Regardless of data type the following parameters are required::

from DecoID.DecoID import DecoID
libFile = "DecoID/databases/HMDB_experimental.db" #path to database
numCores = 10 # of parallel processes to use
file = "DecoID/exampleData/Asp-Mal_1uM_5Da.mzML" #path to datafile
peakfile = "DecoID/exampleData/peak_table.csv" #path to peak information file

useMS1 = True #use MS1 data if available
massAcc = 10 #Mass accuracy of instrument
res = 2 # # of decimal places to round MS/MS peaks.
fragThresh = 0 #absolute intensity threshold for MS/MS peaks
rtTol = 1 #retention time threshold

With this the DecoID object can be instantiated and database parsed::

decID = DecoID(libFile, "reference", numCores)

Before the raw data can be read-in some data-type specific parameters must be provided::

offset = .5 #half of the width of the MS/MS isolation window.

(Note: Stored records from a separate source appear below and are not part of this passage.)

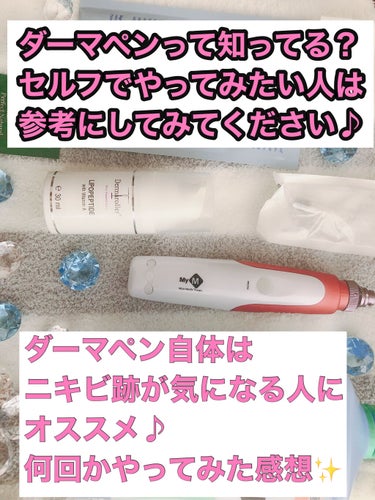 消毒用エタノール(医薬品)/健栄製薬/その他を使ったクチコミ（1枚目）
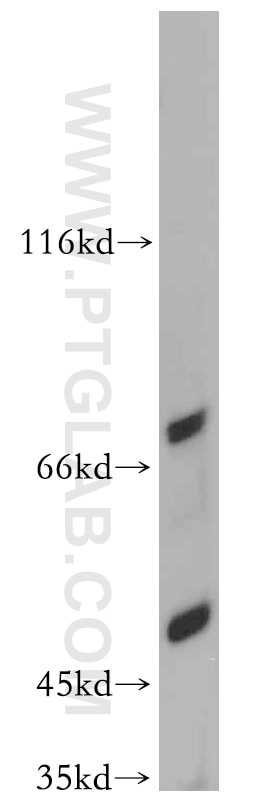 Western Blot (WB) analysis of mouse colon tissue using Bestrophin-3 Polyclonal antibody (20443-1-AP)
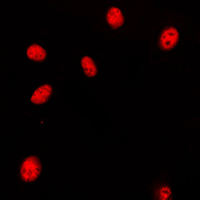 3 - Anti-HOXA11/D11 Antibody AP53680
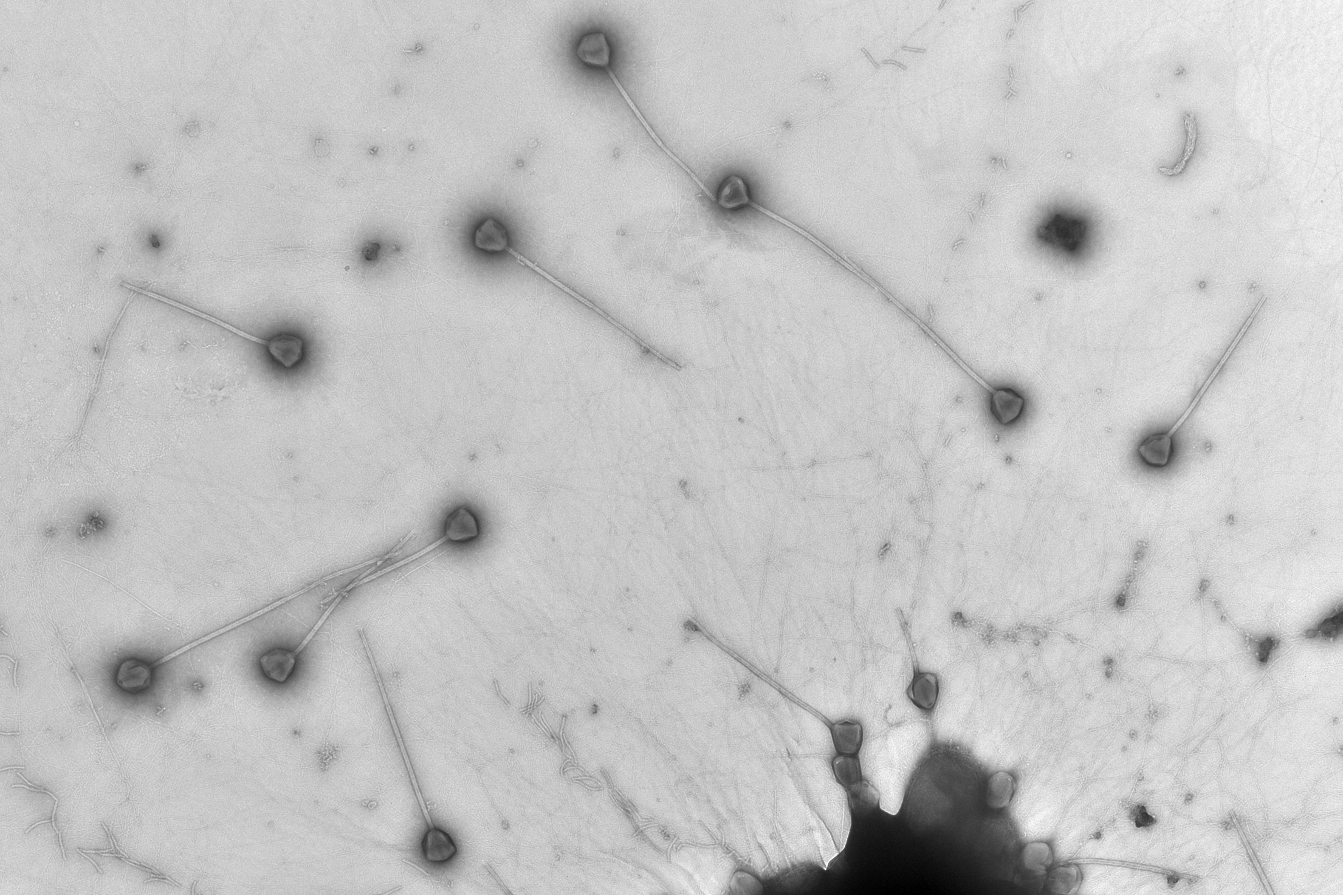micrograph with lots of viruses with long straight tails micrograph with lots of viruses with long straight tails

Not required for Thermo data.
DDA = True #true for DDA, False for DIA

Now the raw MS/MS data can be read::

decID.readData(file, res, useMS1, DDA, massAcc,offset,peakDefinitions=peakfile,frag_cutoff=fragCutoff)

With the data read, the search parameters can be defined::

lam = 5.0 # LASSO regression coefficient. The higher this is the more sparse a solution will be found. Recommend 5.0 for DDA and 50.0 for DIA.
useIso = True # Predict M+1 isotopologue spectra to remove contamination from orphan isotopologues

Optionally, acquired pure MS/MS spectra can be used to deconvolve spectra in the datafile if data is from a DDA experiment. To enable this the command below must be run::

decID.identifyUnknowns(iso=useIso,rtTol=rtTol,dpThresh=80,resPenalty=lam)

Now, the datafile can be searched with the command below::

decID.searchSpectra("y", lam , iso=useIso,rtTol=rtTol)

Advanced Usage

Changing Deconvolution Parameters

Changing the “lam” parameter in effect allows for a continuum of performance between direct library searching without deconvolution and non-regularized deconvolution.

With:

lam = float("inf")

You have no deconvolution and standard library searching.

With:

lam = 0

There is no penalty for more complex solutions.

High Performance Computing

DecoID can be used in a UNIX environment and is suitable and has been tested on HPC cluster. The easiest usage is to submit individual files for deconvolution as separate jobs. This can be very helpful for large datasets searched against multiple databases. See DecoID/HPC_scripts for examples.

Connection to mzCloud

Connection to mzCloud is dependent on an access key granted by Thermo-Fisher Scientific. If a key is granted, it must be entered during instantiation of the DecoID object and the libFile parameter must be “none”. The library can be either “reference” or “autoprocessing”::

decID = DecoID("none", "reference", numCores,api_key="XXXXXXXXX)

Parallel Usage with MS-DIAL

DecoID can be used in parallel with MS-DIAL on DIA MS/MS data. First, DecoID and MS-DIAL should be used individually. The MS-DIAL peak list should be exported as a .txt file with the deconvoluted spectra. Next, this txt file should be imported into DecoID with the following command::

decID.readMS_DIAL_data(fn,mode,massAcc,peakFile)

Here fn in the path to the text file and mode is “Positive” or “Negative” depending on the polarity of the acquired data.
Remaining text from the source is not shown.